Les étudiants de l’institut de psychologie d’Alger déclenchent une grève, le 17 avril 1977, pour imposer la levée d’une sanction qui frappe un de leurs camarades et pour poser le problème des débouchés à la fin des études. Une liste de revendications est établie, semestre par semestre, et elle est diffusée. C’est un document de trois pages qui comprend trois chapitres, 33 revendications pédagogiques et deux points liés aux libertés universitaires (« le droit de tenir des assemblées générales » et « le droit à l’affichage »).
Le lendemain matin, à la faculté centrale d’Alger, des affiches murales annoncent « le boycott des cours à l’institut de psychologie d’Alger jusqu’à la résolution des problèmes ». Les comités pédagogiques sont dissous. Ils sont remplacés par un bureau de grève, élu démocratiquement.
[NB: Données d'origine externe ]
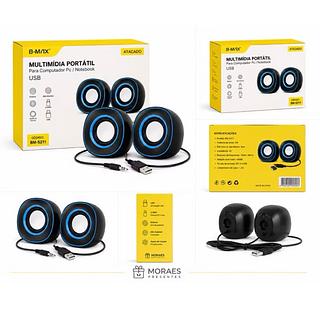 Multimídia Portátil Para Computador Pc/Notebook (USB) 3W RMS(B-MAX)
Il est composé de représentants étudiants de chaque semestre d’études. Les « volontaires » sont favorables à la grève, occasion pour eux de développer un contrepoids à la grève des arabisants de la faculté de droit d’Alger. Le 23 avril 1977, l’administration de l’institut menace d’invalider, en cas de poursuite de la grève, les semestres 2 et 4. Les étudiants occupent le bureau de recteur de l’université d’Alger dans le but d’obtenir une entrevue au Ministère de l’Enseignement Supérieur et de la Recherche Scientifique.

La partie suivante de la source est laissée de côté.